Clients have used our complete set of components to power their classified services and rely on us to continue to deliver through our managed service model. Let us take you behind the scenes of one of our classified services.
We take feed data or content
Our feed processing framework is designed to cope with hundreds of different structured data feed formats, in massive volumes. Feed processing through our feed management component is configured by plugins so we can quickly create new processors, combined with an online management tool. We have customers feeding 200 million documents to us, all handled in the cloud. Built in python and delivered to EC2, the framework can scale to very high volumes.
Or users CAN PUBLISH ITEMS DIRECTLY
Many of our customers had a mixture of feeds and listings that their advertisers wanted to create and manage through self-service. So we build a Self-service user interface which provided a mechanism to login and self-serve. This allows them to publish new listings, upgrade, checkout, view leads, view analytics on the performance of their adverts.
In near real-time ...
Our push API supports JSON to create, update and delete records, running in a synchronous or asynchronous mode, including callbacks. It handles prioritisation of content objects to jump the queue. Problem documents are retried and then fed to a dead letter queue.
We enrich and process
“Text processing” / “content processing” – a few different labels. At Artirix we have built a framework to mass process content objects, with the goal of enriching and normalizing, at scale and speed. The architecture is based on a distribution point with many pipeline nodes for processing. Content is routed through each process made up of steps:
- Entity extraction based on a dictionary, or pattern matching approaches (e.g. item features, proper names, email addresses)
- Address extraction and normalization – turn messy locations into structure, add geo codes for location based content.
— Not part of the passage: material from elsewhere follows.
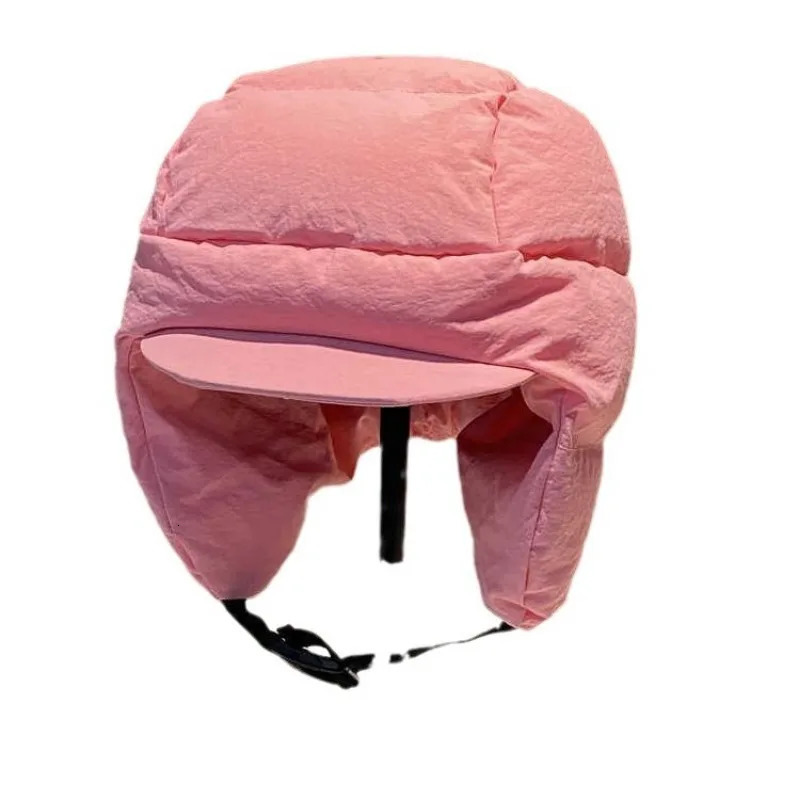 Autumn and Winter Solid Color Down Padded Lei Feng Cap for Men and Women Warmth Cycling Ear Protection Flying Bomber Hats Gorras 250930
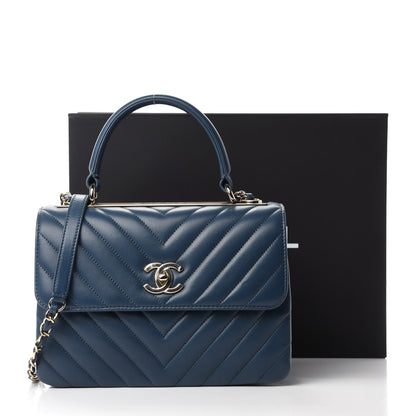 Chanel Lambskin Quilted Small Trendy CC Flap Dual Handle Bag Dark Blue 11 of 11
- Deduplication based on content properties
- Media download and process – detect linked media objects and retrieve them to a common store, processed to common properties
Managing the data and advertisers
Alongside our feed and enrichment framework Artirix we've built a CRM and administration framework in order to associate the “items” supplied with by advertisers. This allows us to track usage data and leads, and report performance back to advertisers. It also allows us to support different business models, such as subscriptions, freemium, paid upgrades and so forth. Our components keep items in the index updated with their advertising state. There is also an advert serving API to allow ads to be positioned throughout a site with advert request codes.
start the search
So we have a stream of fed, normalized and enriched content. We then store this typically in MySQL or MongoDB, with an Artirix component then responsible for delivering a mirror to Elasticsearch. This core part of the architecture is built for scale, with example customers storing in excess of 200m records. We use Elasticsearch for other cool functions as well, such as analysing trends in the index, storing logs, and behavioural search events. This allows us to monitor the state of the platform from both a service and content analytics perspective (e.g. response times for search, zero results, popular queries, time series for content trends in the index).
Then analyse and experiment
Don't worry, it doesn't end there ...
we've got your back with our APIs
A wide variety of APIs are made available to deliver a complete experience:
- User API - for storage and profiling
- Analytics API - allowing events to be tracked and stored centrally
- Alerting API – allowing users to save items and save searches
- Leads API – to route leads from your service to advertisers
- Search API – the core API to build a rich visual experience for users to search the items. This is typically delivered with facetted search, geo search, map visualisation of the data.